Ten days into sobriety, this time already feels different. She does miss being high, which motivated her to go into the woods and made her feel "really in tune with spirits.” But she has a tool now that she didn't the other times: she's been practicing transcendental meditation for a year and a half. When she gets bored and finds herself craving weed, “I’ll just sit and I’ll breathe through it,” she said. “Or just distracting myself, maybe going on Facebook,” which, she laughs, “is another addiction.”
Another big motivator is that her mom, a cigarette smoker, is quitting too in solidarity. “When I quit for a year she also quit with me but we both started back up again," said Woodford. "So we both kind of took that leap of faith again.”
There’s a mounting sense of urgency, a sort of now or never feeling about this time. “Everything in my being is calling me to stop,” Woodford said. “Even though I like it, I gotta listen to that. And it’s been telling me for years.”
Physically, too, she's worried that if she doesn't start eating better and focusing on her physical health, she's on a one-way fast track to chronic disease. “You start getting the munchies, you start eating really just snacky foods, and overeating,” she said. "I feel like if I don’t evolve, then my body is going to start shutting down," she said. "I feel like my organs are going to stop working, I’m going to need surgeries. And I’m only 26, I can’t have that."
Her asthma had gotten so bad that before she quit smoking, she’d been taking her inhaler every two hours throughout the day, even waking up at night having to take it because she couldn’t breathe.

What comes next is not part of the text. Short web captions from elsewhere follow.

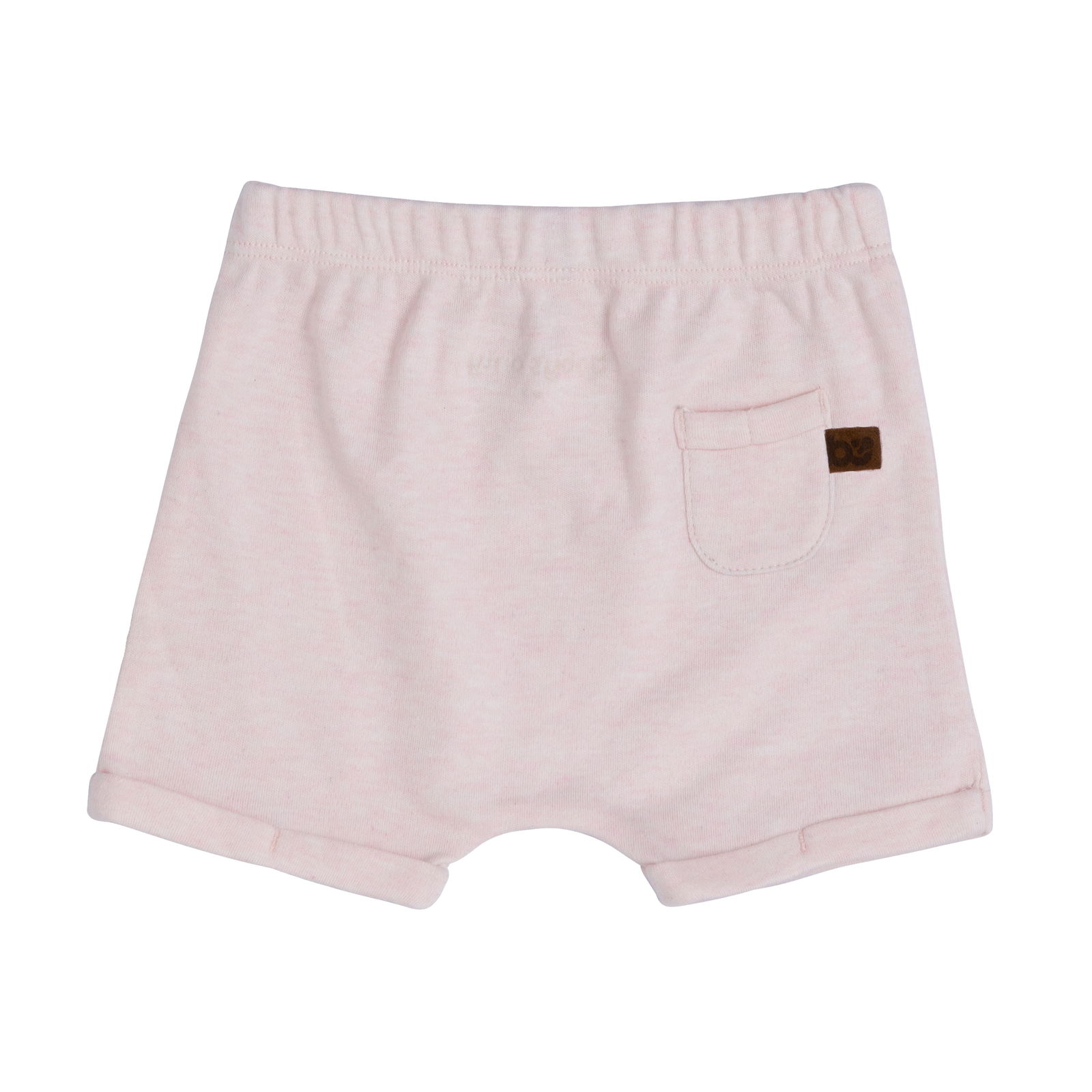 Kort broekje Melange classic roze - 62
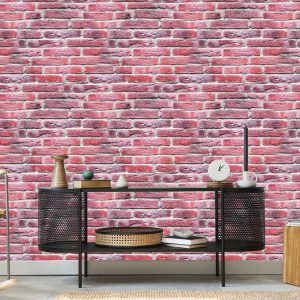 Papier Peint Vieille Brique Rouge – Image 5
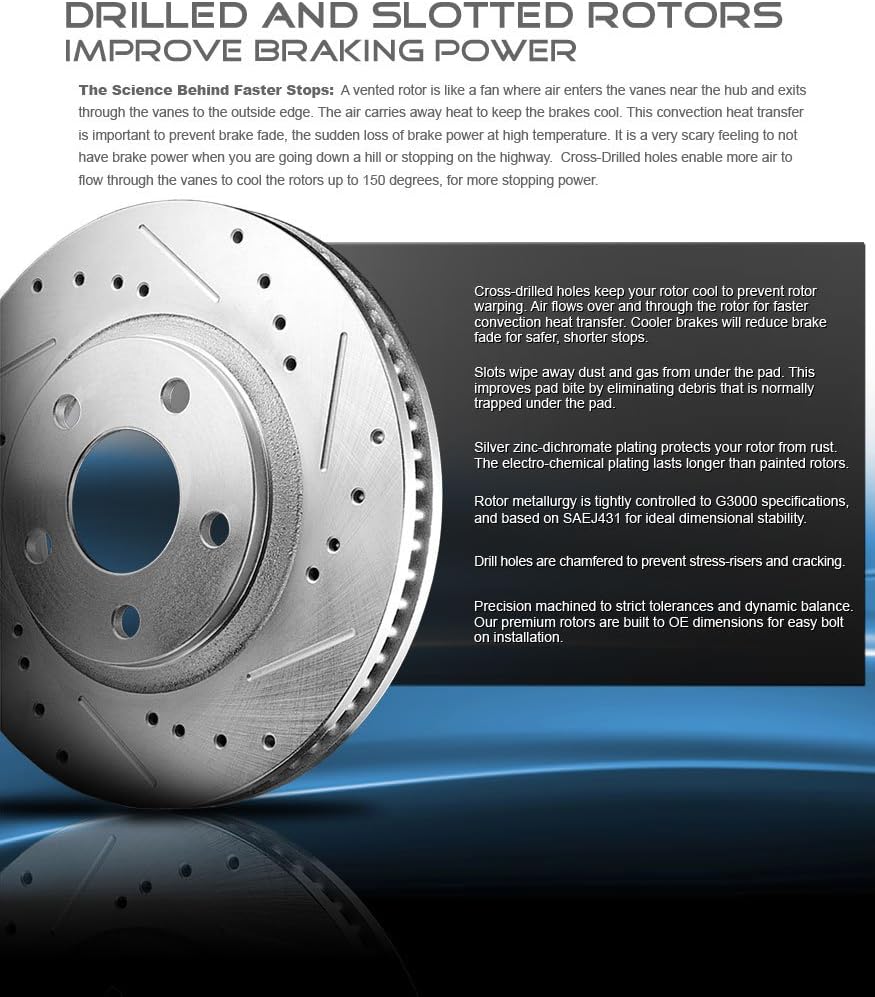 Drilled Slotted Brake Rotors R9742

“I used to have to take my inhaler after cleaning my guinea pig’s cage, but I noticed last time I didn’t have to, which is awesome,” she said.Woodford is a rehabilitation specialist at a clubhouse for mentally ill adults. She works side by side with clubhouse members, doing everyday tasks like cooking, data entry, cleaning the bathrooms, doing community presentations, and generally preparing them to go out into the workplace.

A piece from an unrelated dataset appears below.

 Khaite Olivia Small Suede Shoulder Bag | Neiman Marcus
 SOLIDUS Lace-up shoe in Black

In the year and a half she's been at her job, she has developed real relationships with the clubhouse members, focusing on their strengths – in computers, say – instead of their illness, watching them gain confidence as they work alongside one another. For their sake, as well as for her own, Woodford wants to feel unconflicted about being a role model. “There’s a couple members that definitely smoke weed, but they can’t be under the influence at work, obviously. I’ve definitely had to lie to them before when they’ve straight-up asked me if I smoke,” she said.

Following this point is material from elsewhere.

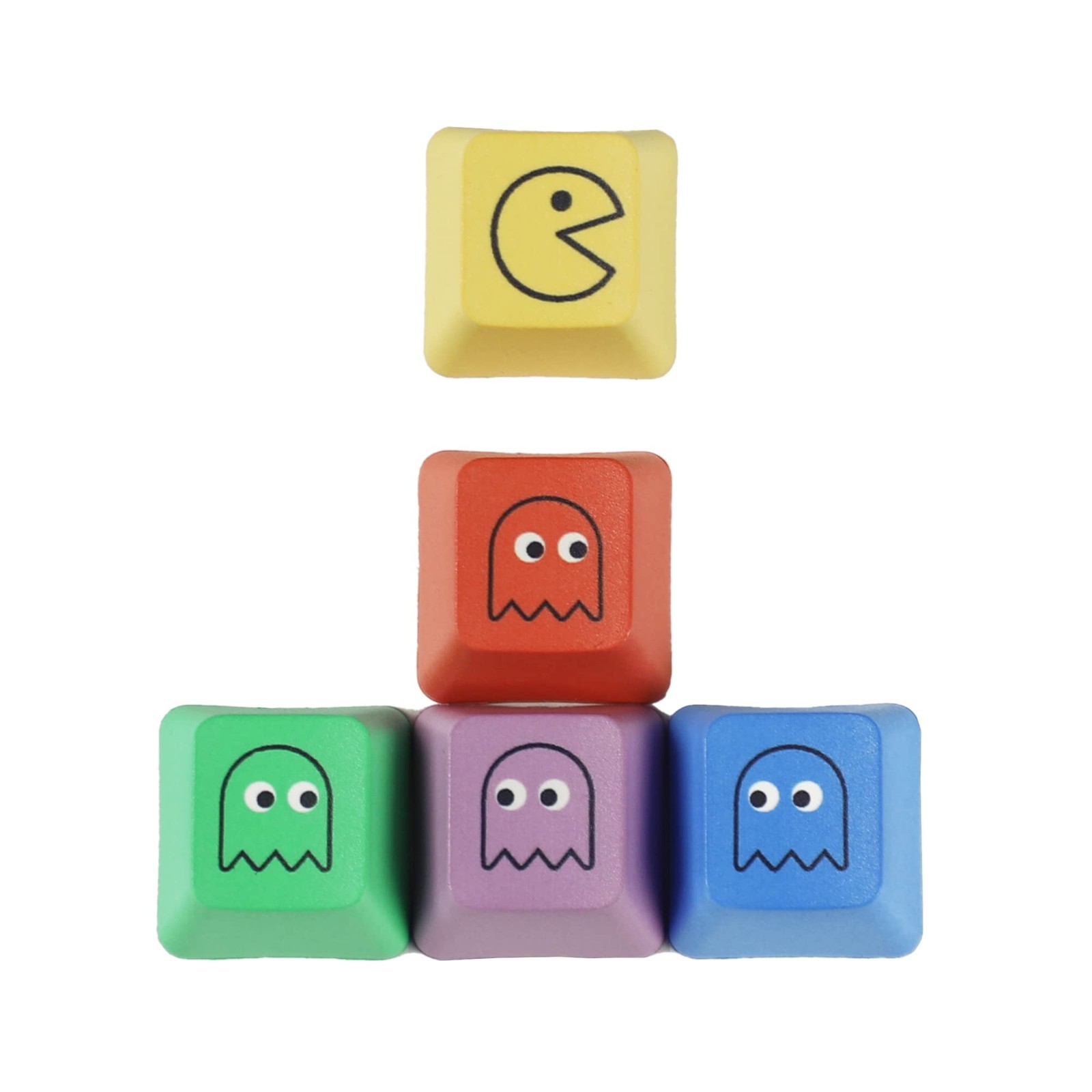 Mechkeeb OEM Profile Pac-man Five Dye PAC PBT Key caps Custom Sublimation key...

Recreational marijuana is about to be legalized in Maine, but for both Woodford and Thomas, legality has always been beside the point. Legal or not, Woodford feels it's not the right behavior to model to people trying to get their feet under them. “I want to be someone they can look up to in a genuine way," said Woodford. "I don’t want to have to lie to them if they ask me if I smoke marijuana."
About everything else, “I’m really up-front with them," she said. "I say we’re all struggling with something. Just because we’re not diagnosed doesn’t mean we’re not struggling. The best way I know how to help them is to make them laugh. I can take on the goofy persona, but also be work-appropriate when I need to be. But I like making them laugh.”